Gratifyingly for Snow, the life of this assignment extended beyond the two-week project in Tanzania.
Participating STEM teachers returned to their schools and became trainers themselves, leading
after-school workshops in how to apply CBI strategies to STEM courses. In addition, Snow organized a
panel for the 2019 TESOL International Convention in Atlanta and included several of the TELTA
trainers among the presenters.

“That was my challenge – to take [the teachers’] deep background knowledge of English structure and show them how to apply it to the STEM material.”

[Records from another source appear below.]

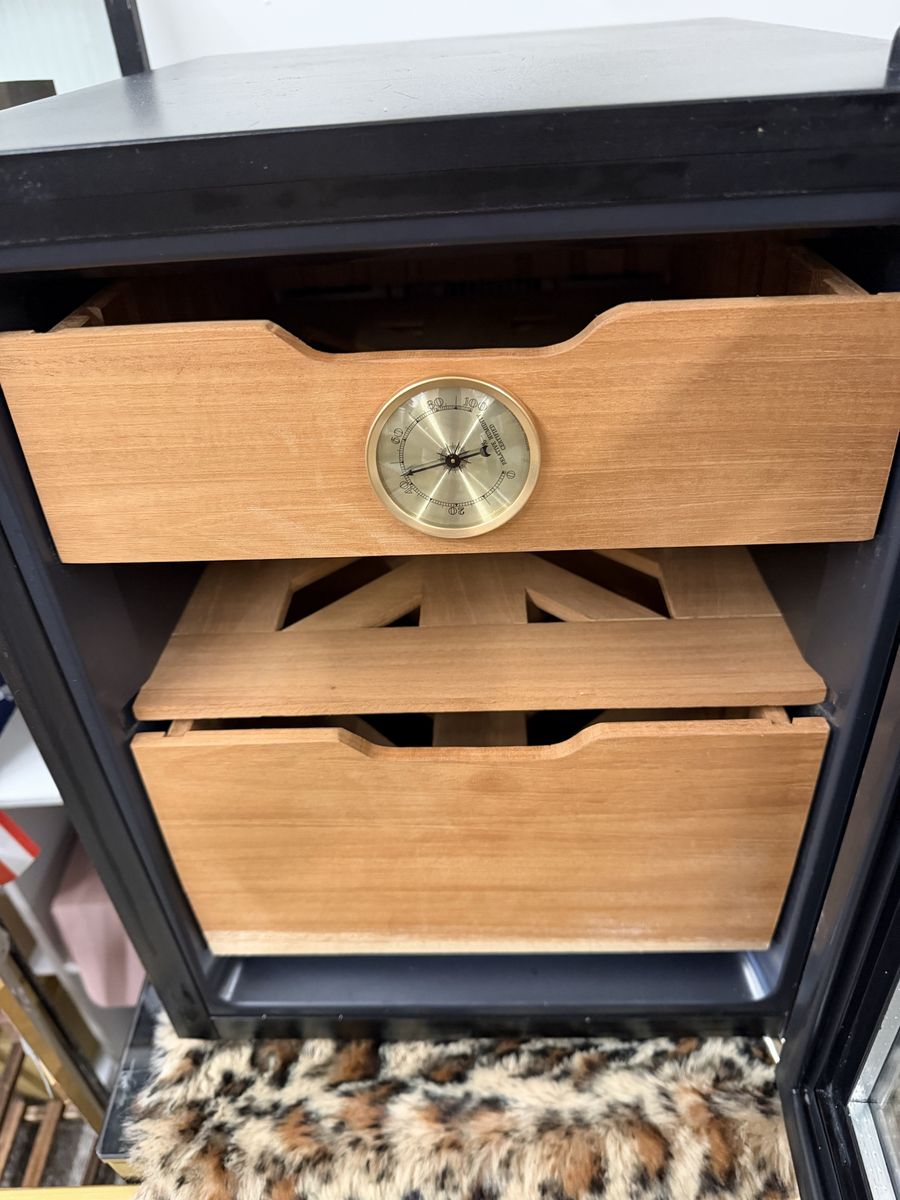 NewAir Electric Cigar Humidor Stainless Steel Digital Temperature Control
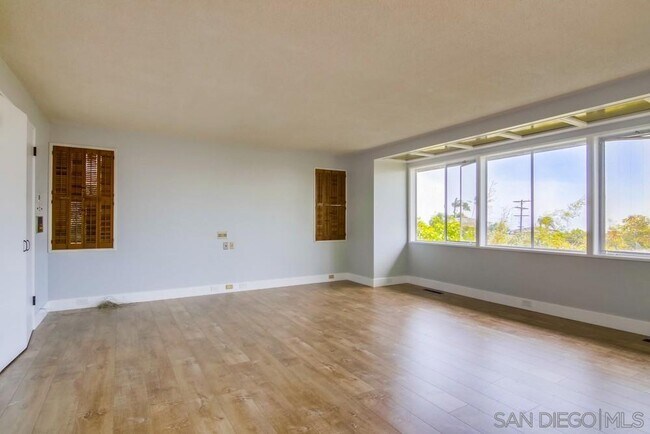 Building Photo - 631 San Gorgonio St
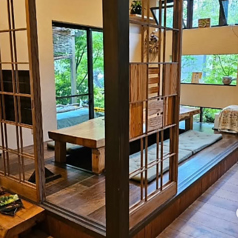 プライベート感を大切にした落ち着いた空間です。周囲からの視線を気にせず、友人や家族との会話を楽しむことができます。木の温もりを感じるインテリアが心を和ませ、ゆったりとした時間が流れます。特別なひとときを過ごすのにぴったり！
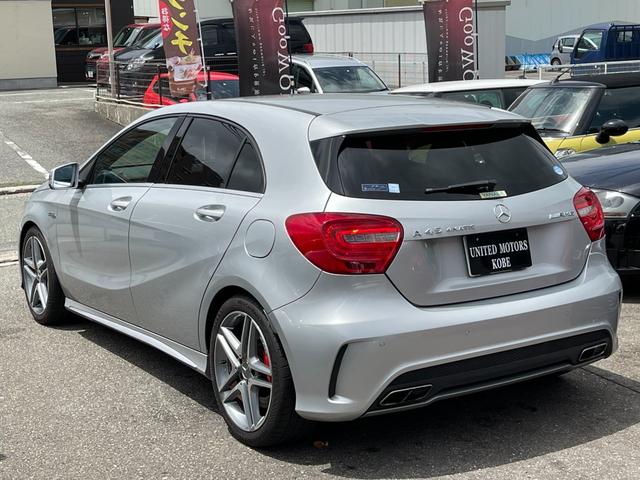 Ａ４５　ＡＭＧ　４マチック　クラストップ４ＷＤマシン　ＨＤＤナビフルセグＴＶ　バックカメラ　Ｂｌｕｅｔｏｏｔｈ　レザーシート　シートヒーター　ＥＴＣ　ＡＭＧコンプリートカー　取説保証書スペアキー　正規ディーラー車　３ヶ月安心保証(12枚目)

Snow notes another beneficiary of the teacher training: her students in the master’s degree program in
TESOL at California State University in Los Angeles. Prior to the workshop in Tanzania, the U.S.
Embassy in Dar es Salaam provided Snow with a variety of science textbooks, as well as the scope and
sequences of several STEM courses used in the country’s public secondary schools. Coincidentally, the
fall semester just prior to the December training, Snow taught the course “Teaching English for
Academic Purposes” at Cal State LA. Putting all the elements together, Snow assigned her students a
unique project: go through the ministry’s documents and related STEM textbooks and identify an
inventory of vocabulary, language functions, and discourse types that could be used in the training as a
model of processes the teachers would undertake for their own STEM lesson planning. In addition, her
students wrote an online needs assessment survey, which was sent to all workshop participants prior to
the training. “In my final Specialist report for this assignment, I could actually say my students were
able to collaborate with me in a meaningful and highly constructive way,” said Snow. “They were able
to directly apply what they were learning in their MA class and create materials that were immediately
put to use in the workshop and later in the STEM classroom.”

Specialist Ann Snow

Marguerite Ann Snow, Ph.D. is Professor and Department Chair at California State University, Los Angeles where she teaches in the TESOL M.A. program. She is co-author/co-editor of 11 books, including her most recent book, The Content-Based Classroom: New Perspectives on Integrating Language and Content with Donna Brinton and Teaching English as Second or Foreign Language (4th ed.) (2014) with Marianne Celce-Murcia and Donna Brinton. She served as consultant for Q: Skills for Success (Oxford University Press), an ESL/EFL textbook series. At Cal State LA, Dr. Snow received the President’s Distinguished Professor Award. She is a two-time Fulbright scholar: Hong Kong (1985) and Cyprus (2009). In addition to working closely with public school teachers in the U.S., she has made over 50 trips to teach or consult in international settings.